Here, making an all too rare appearance on the UK live stage, Willie Dowling does as he points out himself look a bit like Jeff Lynne. His songs though, belong only to him. Most of what he plays is from the newer end of his career (which ties in with what CJ Wildheart had said a couple of weeks ago in this very venue when he said there was no chance of a Honeycrack revival because Willie didn’t want to do it) and stuff like “The Cure” and the anti-Brexit “Long Drop Down” are both a lot more politically motivated. Less “Sitting At Home” and more man the barricades you might say. There’s a new single, “The Simpleton”- which bodes well for the upcoming album. Even the older ones like “Fuck You Goodbye have had a bit of a 2024 rebadge (it’s a homage to the election later in the year now). An artist that seemingly wants to look to the future, not the past does finish with his one cover. The Grip album from way back when was a belter and “Vera Daydream” from it still is.
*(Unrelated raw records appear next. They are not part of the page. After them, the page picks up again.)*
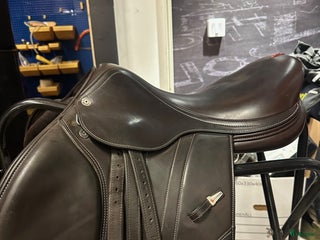 Sadlar hästutrustning till salu: Equipe sadel i Värnamo - Annons 2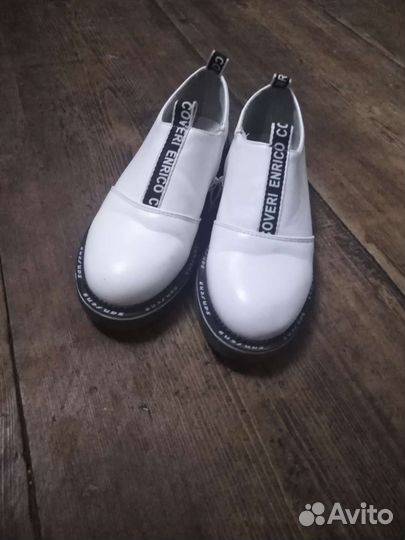 Туфли детские 35 размер новые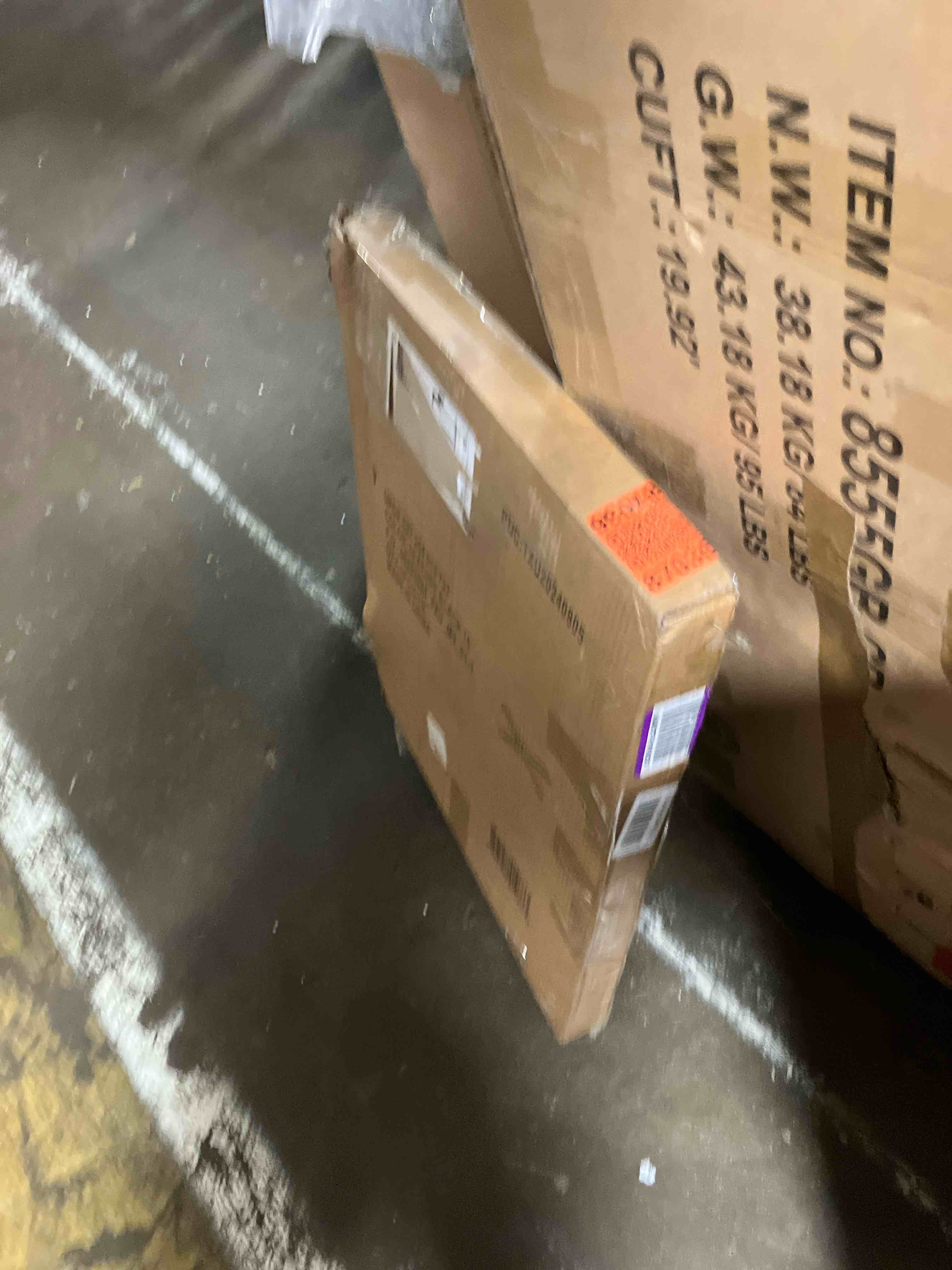 https://s3.amazonaws.com/lotting-images-prod/phillipi/PNK3520299_1750259403867.jpeg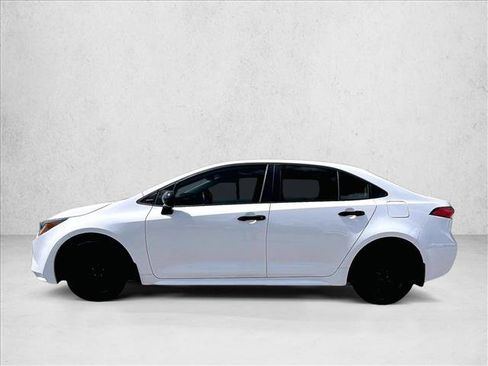 Used 2024 Toyota Corolla LE FWD image 6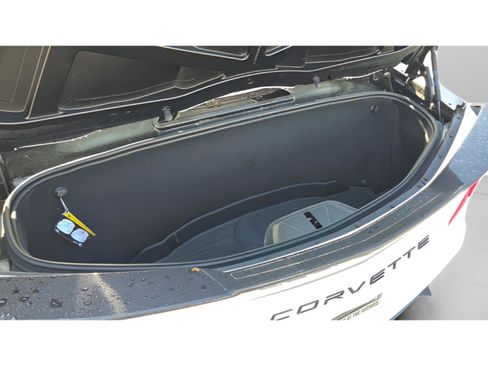 Used 2024 Chevrolet Corvette Stingray Premium Conv w/ Z51 Performance Package image 12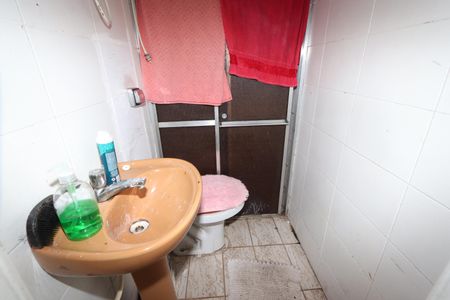 Casa à venda com 172m², 4 quartos e 1 vagaBanheiro - Casa 2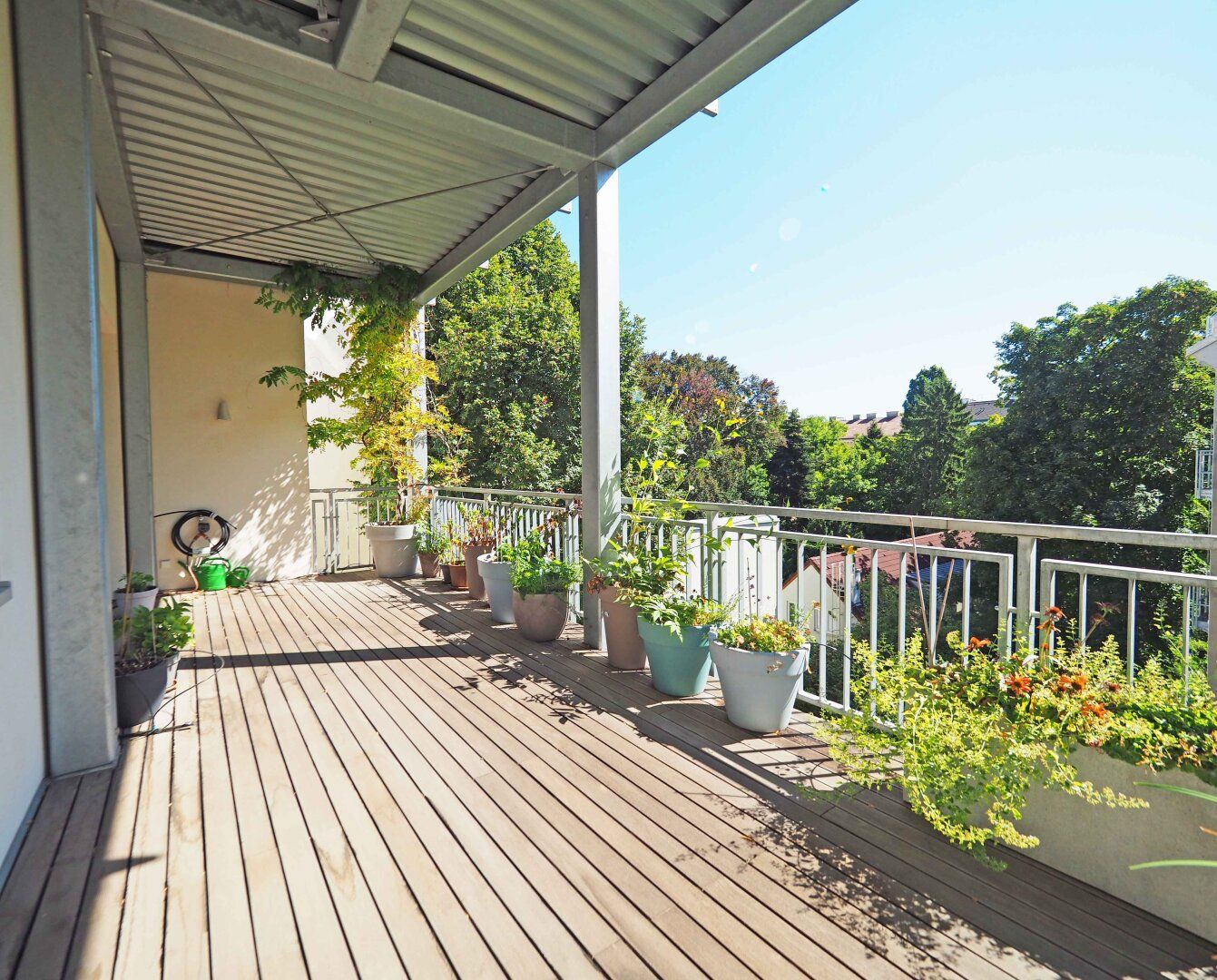 GYMNASIUMSTRASSE | 3-Zimmer-Altbauwohnung mit Terrasse im 3. Liftstock | barrierefreier Zugang u. Lift | Nähe Kutschkermarkt, Aumannplatz und Schubertpark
Willie Dowling seems reinvigorated and up for the fight here.

The Quireboys have just returned for their encore, and Spike addresses the crowd. “I am The Quireboys singer, like it or not.” He says, and with that, they play “Like It Or Not”. A new song, from their upcoming album, and one that has a whole lot more soul than usual.
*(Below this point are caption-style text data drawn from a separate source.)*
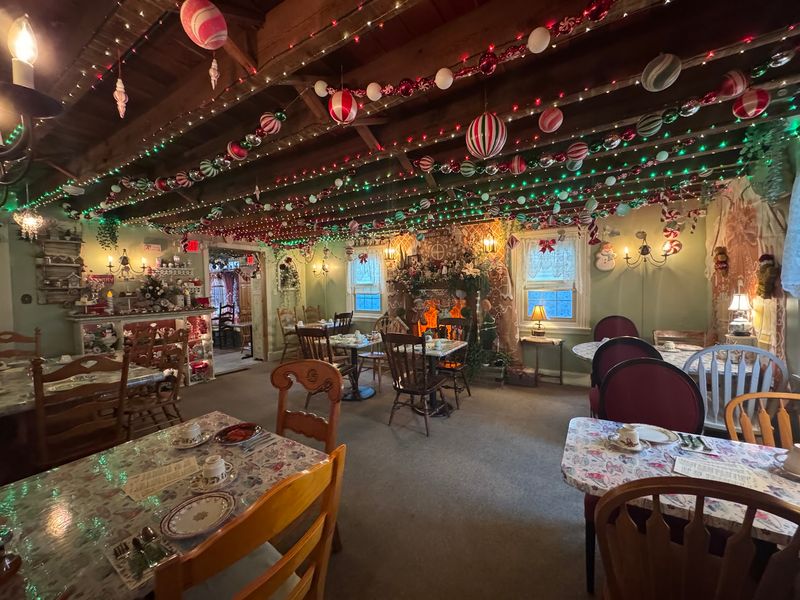 Rooms Dressed for the Season Rooms Dressed for the Season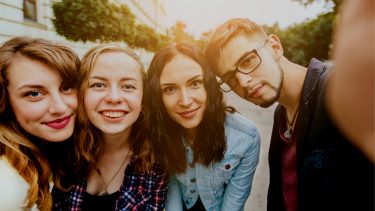 ungdom uddannelse erhvervsskole gymnasium folkeskole teenagere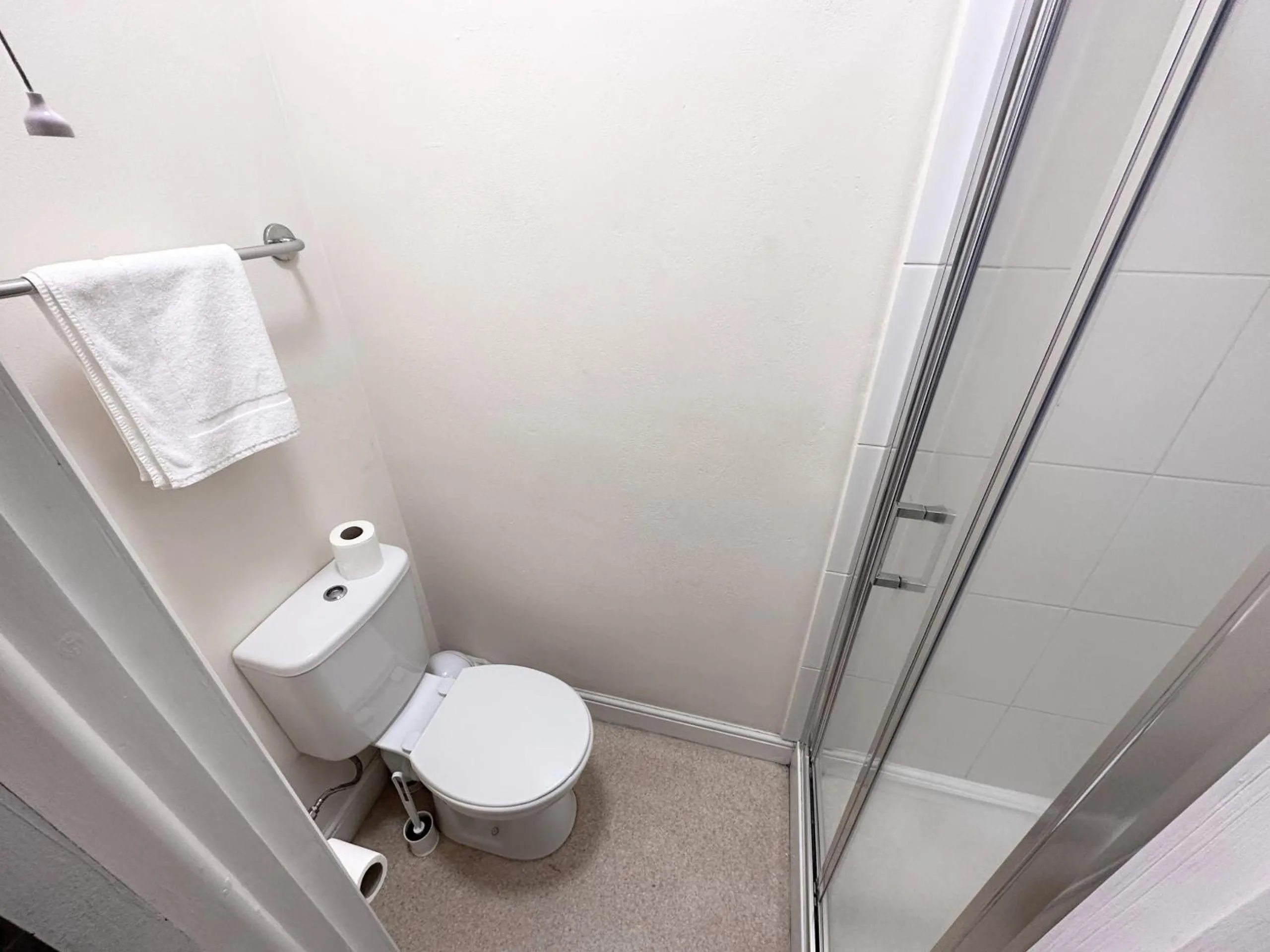 Toilet in 281 Hotel & Restaurant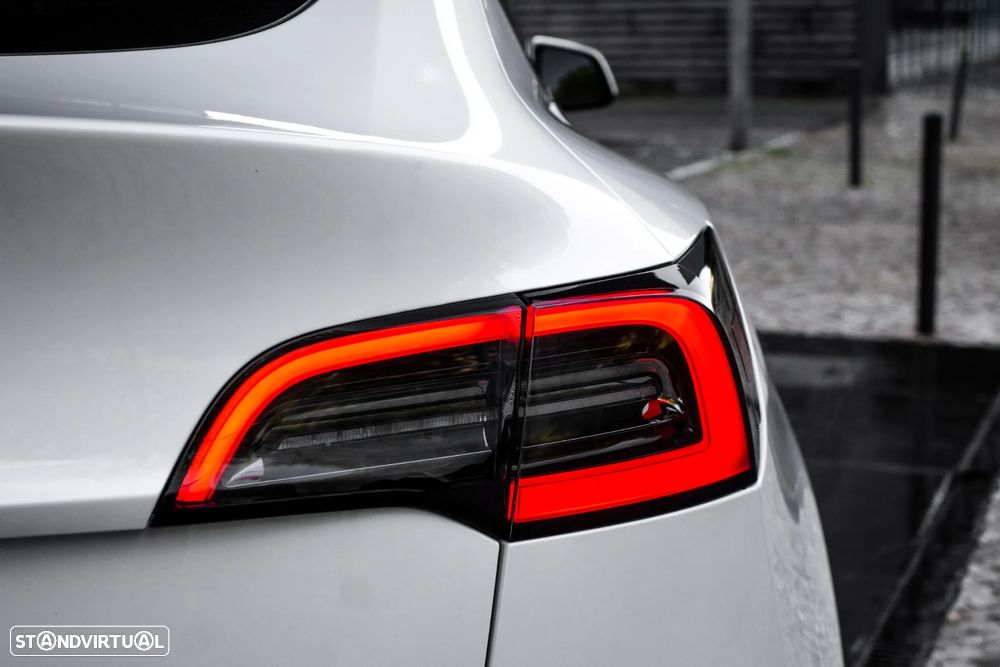 Tesla Model Y Long Range Tração Integral - 11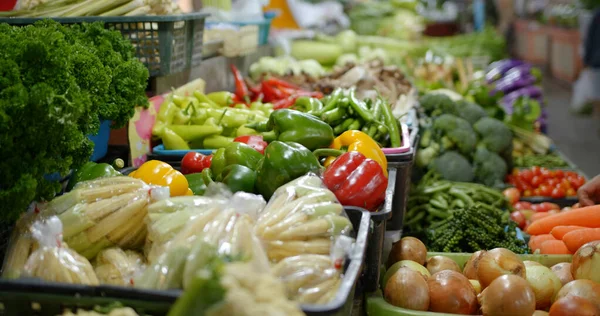 Venta de verduras frescas en el mercado húmedo —  Fotos de Stock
Mostly though, this has felt like business as usual. Yes, I am aware that there are two bands knocking around with the name after some shenanigans but look. If Spike’s in a band called The Quireboys then that’s the damn Quireboys.

And even if the band around him may have changed, then he bounds on – probably drunk – with those words, “we are the Quireboys. And this is Rock N Roll.
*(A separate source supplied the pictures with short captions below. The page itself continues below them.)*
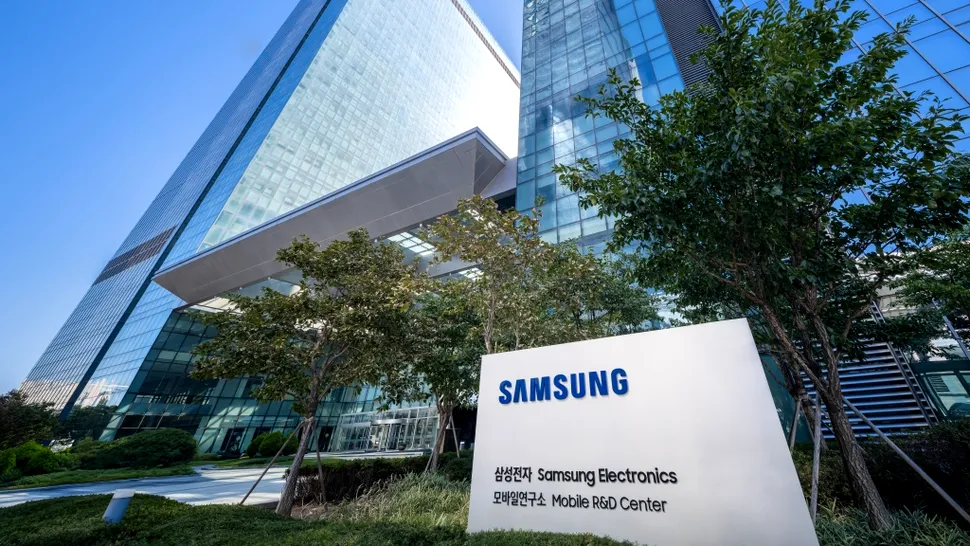 Samsung va furniza și mai multe panouri OLED pentru iPhone 17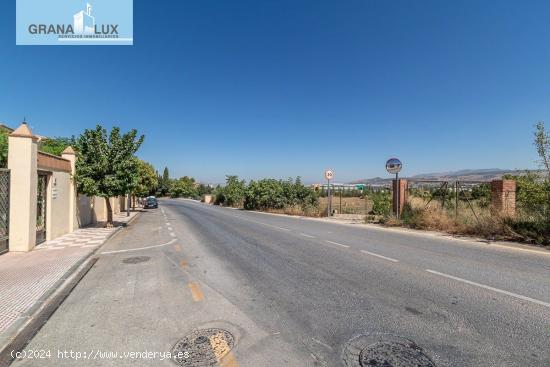  FINCA RÚSTICA EN ZONA INMEJORABLE, JUNTO C.C. ALHSUR - GRANADA 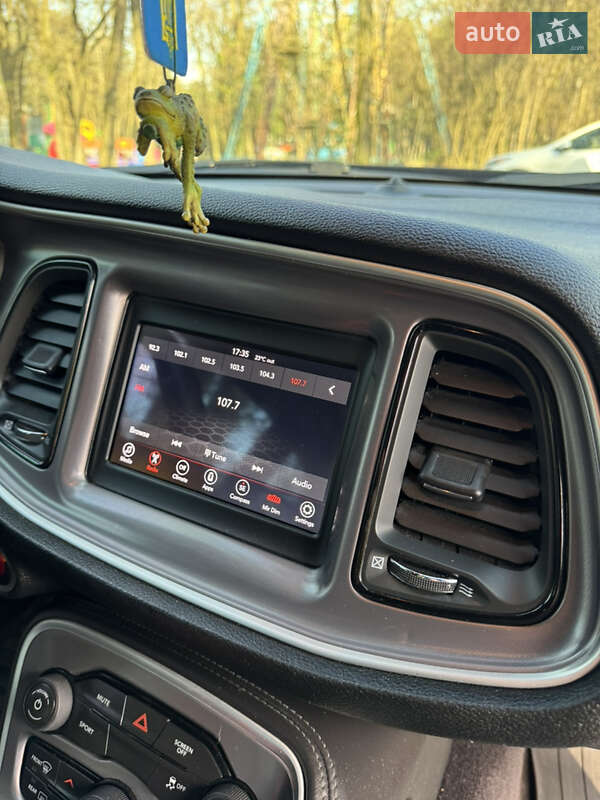 Купе Dodge Challenger 2018 в Кременчуге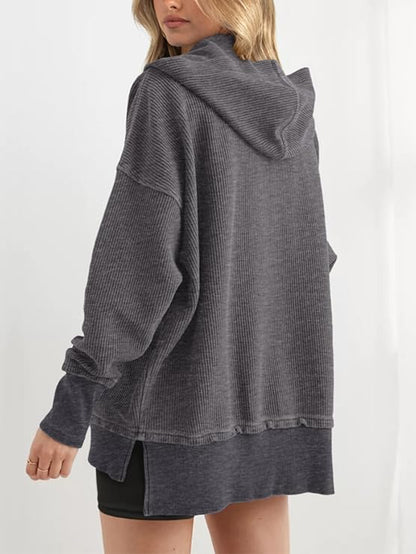 Soticma™ V Yaka Düğmeli Kapüşonlu Üst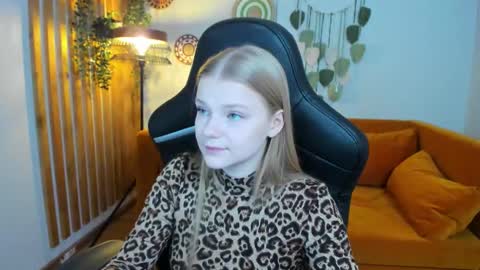lilitrosen online show from 09-18-25, 05:26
And it is. My goodness, it is. “Jeez Louise”, their comeback single, and nothing else seems to matter but the fact we’re here to celebrate these songs.

They’ve dusted a few off too and if you haven’t heard “Can’t Park Here” for a while, then it still sounds superb.

It’s one of the returning from the second record. “Tramps And Thieves” a little later, or the wonderfully emotional “King Of New York” chief amongst them.  The latter is particularly important, given that it’s dedicated to founder member of the band Guy Bailey, who died just over a year ago, but who’s spirit is all over this.

But, let us be honest about it, we all need to hear stuff from the debut album. A disclaimer: there’s a new series of Desert Island Discs starting on Radio 4. If I was on it, that record would be in my selection. “Misled”, “Sweet Mary Ann”, “Hey You” and the rest still sound brilliant, too, but then so do the new songs like “Raining Whiskey”.

And that might be because the band are so comfortable. Nigel Mogg, Riki Ratchman, and Dowling (who is subbing for Chris Johnstone) have been in the family for 40 years. It shows.

The newbie is the star name. Luke Morley “of Terraplane” as Spike, who is his natural ebullient self, jokes, is in while he’s at a loose end and he’s as superb as you imagined he would be.

The country-fried “Roses And Rings”, “There She Goes Again” and “Seven O’Clock” end the set, before the encore is to both extremes of their career. The aforementioned new one, before a trot back right to the start for “Mayfair” – their first-ever single.

That leaves just one more. “I Don’t Love You Anymore”, might, given that it’s a ballad initially appear to be an odd choice to end on, but when they do, it really works. It’s a truly superb song.

It does mean there’s no “Sex Party” which is fine, we’re all too old for such things And what we were invited to tonight was way more fun, anyway. This is the official, the original and still the absolute best. And, yes, this was rock n roll.